__Provided information__:

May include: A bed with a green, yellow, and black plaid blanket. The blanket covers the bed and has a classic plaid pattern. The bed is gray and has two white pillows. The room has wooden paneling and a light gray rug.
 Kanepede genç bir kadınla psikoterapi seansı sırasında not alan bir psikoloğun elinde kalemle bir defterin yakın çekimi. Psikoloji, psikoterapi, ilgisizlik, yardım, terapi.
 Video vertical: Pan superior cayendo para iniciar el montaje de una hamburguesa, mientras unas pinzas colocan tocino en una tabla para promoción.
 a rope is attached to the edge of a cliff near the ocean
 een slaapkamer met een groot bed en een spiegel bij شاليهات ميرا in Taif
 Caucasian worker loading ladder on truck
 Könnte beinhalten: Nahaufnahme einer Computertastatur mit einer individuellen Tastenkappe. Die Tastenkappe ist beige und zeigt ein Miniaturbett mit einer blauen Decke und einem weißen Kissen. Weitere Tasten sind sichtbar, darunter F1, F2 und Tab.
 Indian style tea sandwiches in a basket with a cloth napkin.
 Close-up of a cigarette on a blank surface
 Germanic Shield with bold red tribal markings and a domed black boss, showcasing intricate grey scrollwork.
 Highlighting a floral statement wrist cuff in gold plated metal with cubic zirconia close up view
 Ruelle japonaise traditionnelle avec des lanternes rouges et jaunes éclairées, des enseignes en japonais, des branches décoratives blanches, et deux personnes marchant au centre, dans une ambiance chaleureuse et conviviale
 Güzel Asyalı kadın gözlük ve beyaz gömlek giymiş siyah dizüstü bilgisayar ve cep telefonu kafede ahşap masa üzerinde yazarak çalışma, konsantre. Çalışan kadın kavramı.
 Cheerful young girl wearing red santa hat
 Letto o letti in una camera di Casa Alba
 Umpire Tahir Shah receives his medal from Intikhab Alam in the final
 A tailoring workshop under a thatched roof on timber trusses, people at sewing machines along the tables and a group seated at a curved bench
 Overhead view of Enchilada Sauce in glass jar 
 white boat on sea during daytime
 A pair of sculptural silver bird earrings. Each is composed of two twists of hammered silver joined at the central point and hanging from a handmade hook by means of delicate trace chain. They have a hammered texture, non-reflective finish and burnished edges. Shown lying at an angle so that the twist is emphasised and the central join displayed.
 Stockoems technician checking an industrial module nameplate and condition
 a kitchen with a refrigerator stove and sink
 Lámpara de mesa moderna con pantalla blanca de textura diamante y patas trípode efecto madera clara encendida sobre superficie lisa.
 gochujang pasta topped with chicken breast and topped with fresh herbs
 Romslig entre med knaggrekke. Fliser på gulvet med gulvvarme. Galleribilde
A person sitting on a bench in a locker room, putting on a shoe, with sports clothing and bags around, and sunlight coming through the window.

__Your instructions__: The answer must be a word-for-word transcription of every record above.

__Your solution__:
May include: A bed with a green, yellow, and black plaid blanket. The blanket covers the bed and has a classic plaid pattern. The bed is gray and has two white pillows. The room has wooden paneling and a light gray rug.
 Kanepede genç bir kadınla psikoterapi seansı sırasında not alan bir psikoloğun elinde kalemle bir defterin yakın çekimi. Psikoloji, psikoterapi, ilgisizlik, yardım, terapi.
 Video vertical: Pan superior cayendo para iniciar el montaje de una hamburguesa, mientras unas pinzas colocan tocino en una tabla para promoción.
 a rope is attached to the edge of a cliff near the ocean
 een slaapkamer met een groot bed en een spiegel bij شاليهات ميرا in Taif
 Caucasian worker loading ladder on truck
 Könnte beinhalten: Nahaufnahme einer Computertastatur mit einer individuellen Tastenkappe. Die Tastenkappe ist beige und zeigt ein Miniaturbett mit einer blauen Decke und einem weißen Kissen. Weitere Tasten sind sichtbar, darunter F1, F2 und Tab.
 Indian style tea sandwiches in a basket with a cloth napkin.
 Close-up of a cigarette on a blank surface
 Germanic Shield with bold red tribal markings and a domed black boss, showcasing intricate grey scrollwork.
 Highlighting a floral statement wrist cuff in gold plated metal with cubic zirconia close up view
 Ruelle japonaise traditionnelle avec des lanternes rouges et jaunes éclairées, des enseignes en japonais, des branches décoratives blanches, et deux personnes marchant au centre, dans une ambiance chaleureuse et conviviale
 Güzel Asyalı kadın gözlük ve beyaz gömlek giymiş siyah dizüstü bilgisayar ve cep telefonu kafede ahşap masa üzerinde yazarak çalışma, konsantre. Çalışan kadın kavramı.
 Cheerful young girl wearing red santa hat
 Letto o letti in una camera di Casa Alba
 Umpire Tahir Shah receives his medal from Intikhab Alam in the final
 A tailoring workshop under a thatched roof on timber trusses, people at sewing machines along the tables and a group seated at a curved bench
 Overhead view of Enchilada Sauce in glass jar 
 white boat on sea during daytime
 A pair of sculptural silver bird earrings. Each is composed of two twists of hammered silver joined at the central point and hanging from a handmade hook by means of delicate trace chain. They have a hammered texture, non-reflective finish and burnished edges. Shown lying at an angle so that the twist is emphasised and the central join displayed.
 Stockoems technician checking an industrial module nameplate and condition
 a kitchen with a refrigerator stove and sink
 Lámpara de mesa moderna con pantalla blanca de textura diamante y patas trípode efecto madera clara encendida sobre superficie lisa.
 gochujang pasta topped with chicken breast and topped with fresh herbs
 Romslig entre med knaggrekke. Fliser på gulvet med gulvvarme. Galleribilde
A person sitting on a bench in a locker room, putting on a shoe, with sports clothing and bags around, and sunlight coming through the window.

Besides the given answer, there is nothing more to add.